Mike Hendrickson: So, you know, one of the things that I've heard a lot lately is performance, performance, performance and, you know, with all these different languages and all these different developer type people working on Mark Mail, are you at all concerned as you scale up to that billion messages about performance? That - how are you gonna address performance in the future if you get really big and really popular and you have a kazillion people using Mark Mail? Are you at all concerned about performance?
Jason Hunter: We'd better be. . .
Mike Hendrickson: Yeah.
Jason Hunter: . . .if we're gonna do it right.
Mike Hendrickson: Yeah.
Jason Hunter: The good part is, working at Mark Logic, this is - I've been there for five years and I've helped on these sites that make Mark Mail look small. So, it's not my first time building something that's substantial and it's kind of what Mark Logic does. Our customers do big, fast sites. That's what they're interested in doing, so I'm bringing all that experience in so that we've architected it from the beginning, assuming that scale. And, you know, it's that shared nothing architecture where we can just add new hardware to handle the load. The way Mark Logic works, if I have more data, I can add a data management machine. If there's more users, I can add a particular user management, it's a valuation machine.

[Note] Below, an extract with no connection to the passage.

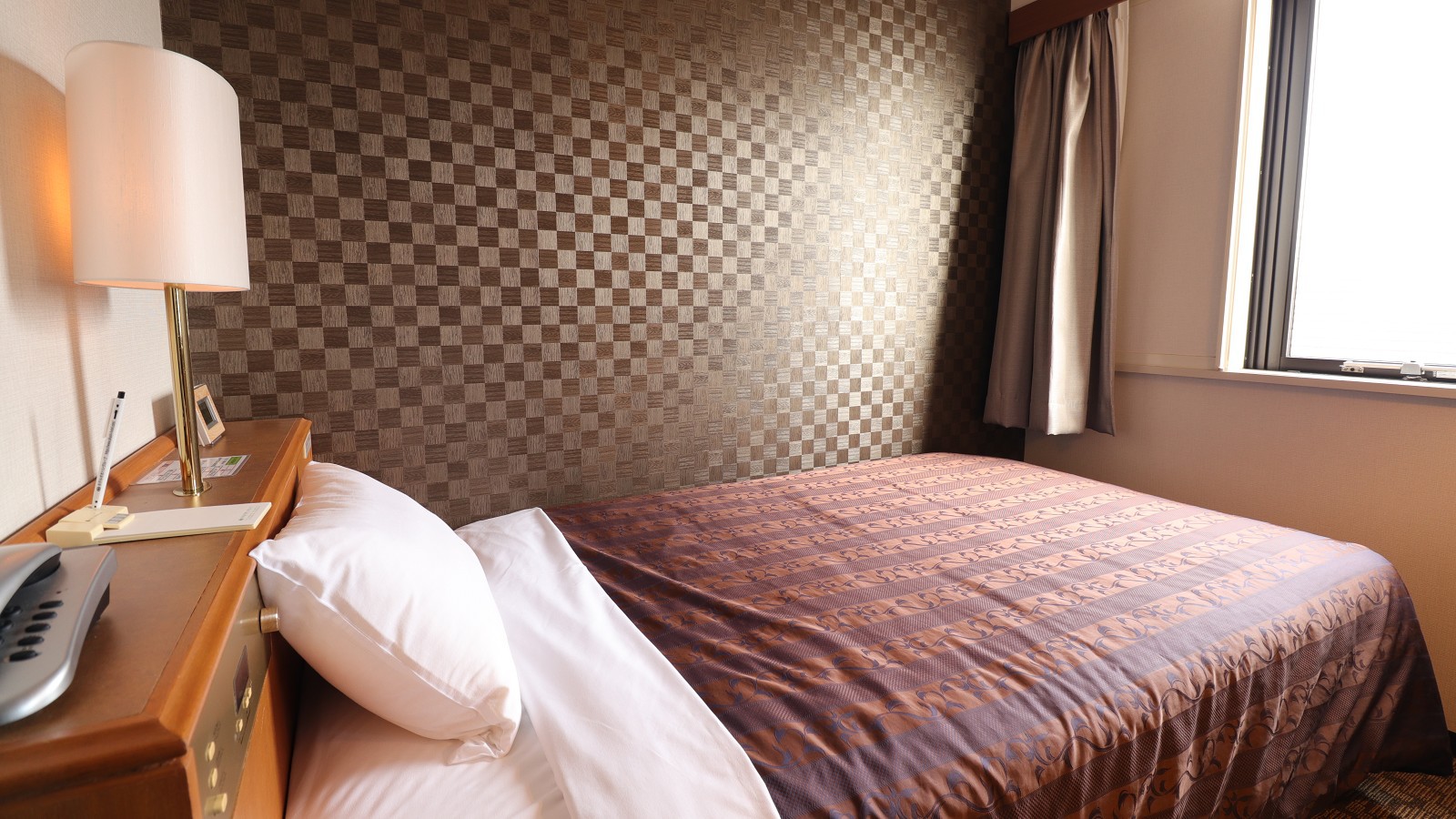 シングルルーム 《喫煙》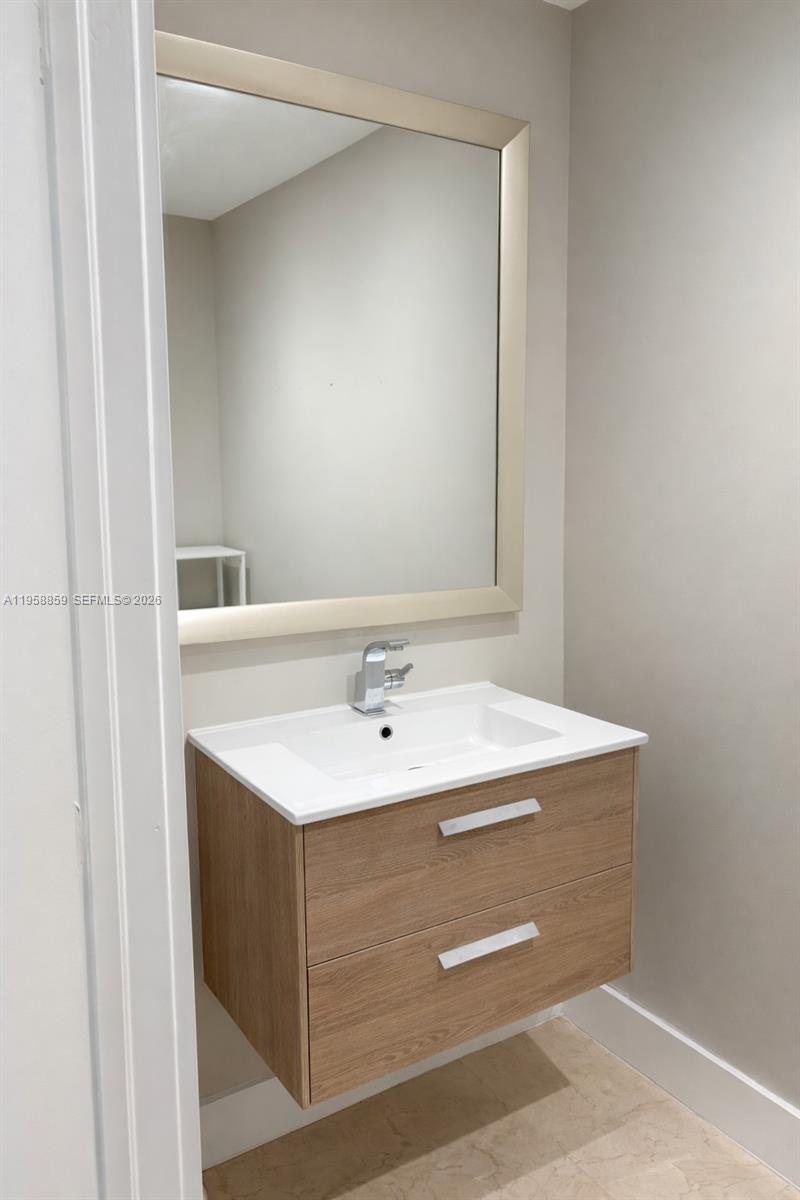 7900 Harbor Island Dr #622, North Bay Village FL 33141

So, these clusters can get very large and as I add more data, I know that I can do what we've done with our customers and as we add more users, I can do what we've done with our customers. So, it'll be a long time before we have more traffic than I'm used to dealing with in some of the customer deployments.
It's just - this is kind of fun for it to be one of the ones where Mark Logic is doing it instead of doing it with our customer stuff. So, for me, it's exciting 'cause it's the first time I've owned the thing. I. . .
Mike Hendrickson: OSCON 2008, what was your favorite thing about this year's OSCON?
Jason Hunter: The best thing this year was meeting the people that I've been emailing with, all the project leaders on the various open source projects. As we load their communities, we go on outreach to understand Mark Mail does for them, what they could do with it. We - instead of just doing scattershot load as many mailing lists as we can, we try to kind of do all the Perl lists and really work with pearl.org to understand that. We load all the mailing list and work with them to help them make use of it; and so, being here, I've been able to meet a lot of the people that I've been emailing with and putting names and faces together, which is kind of neat. So, it's - at every conference, it's largely about the people. The talks are great, but then when you see the people and that experience has been really some of the best.
Mike Hendrickson: Excellent. So, one last question for you - if you had one book that it was very influential and you could say repaid itself ten times over, what one book would you say?
Jason Hunter: Should it be an O'Reilly book?
Mike Hendrickson: It can be whatever book you want it to be.[Laughter]
Jason Hunter: It actually is an O'Reilly book, so it's okay. The Steve Souders High Performance Websites book is my favorite book of the year because, what he does is explain how to make a fast site; and as much as we talked about how do you scale? More messages, more users, a lot of thinking there is, "How do I get the answer back fast? How do I not overwhelm my servers?" And his book talks about, "How do I make the user experience better by doing things on the page, figuring out how to deal with images, flash, CSS, Java Script", all the things that you do in these high end websites, and try to make 'em so, from the user's perspective, the time from click to action, is better. And there's a lot of interesting things in there - in the first book; he's working on the second book and he's got a blog and I'm reading it, so I'm kinda anxious. And this is the same guy that did wi slow, so you can run wi slow against this site and we actually do; and you say, "I need to be able to answer the question fast, but I also need it to look fast from the user's perspective", so we want to always get that answer, you know, in a tenth of a second, if at all possible, and his book's telling you how to do that soup to nuts.
Mike Hendrickson: Excellent. So, one last question - and I know I said one last question three times ago, but this is the last question. If I'm a user, how do I get more information about Mark Mail? Just Google it or what's the best way to get started with Mark Mail?
Jason Hunter: Mark Mail's at markmail.org.
Mike Hendrickson: dot org, okay.
Jason Hunter: And if you're - like let's say you're interested in Perl, then you can go to pearl.markmail.org; if you're interested in PHP, you can PHP.markmail.org, and that will preselect just those lists.
Mike Hendrickson: Okay.
Jason Hunter: And then you can search away - search for your name. Everybody loves to search for their name. See when you posted, where you posted, that kind of stuff and we have a FAQ and we have a feedback form, so if you like want your own list loaded, feel free to type it into the feedback.
We prioritize definitely based on what we're hearing from people, so if people are asking for it, we're more likely to load it sooner.
Mike Hendrickson: Excellent. Well, thank you, Jason.
Jason Hunter: Sure.
Mike Hendrickson: Thanks.
Jason Hunter: Thank you.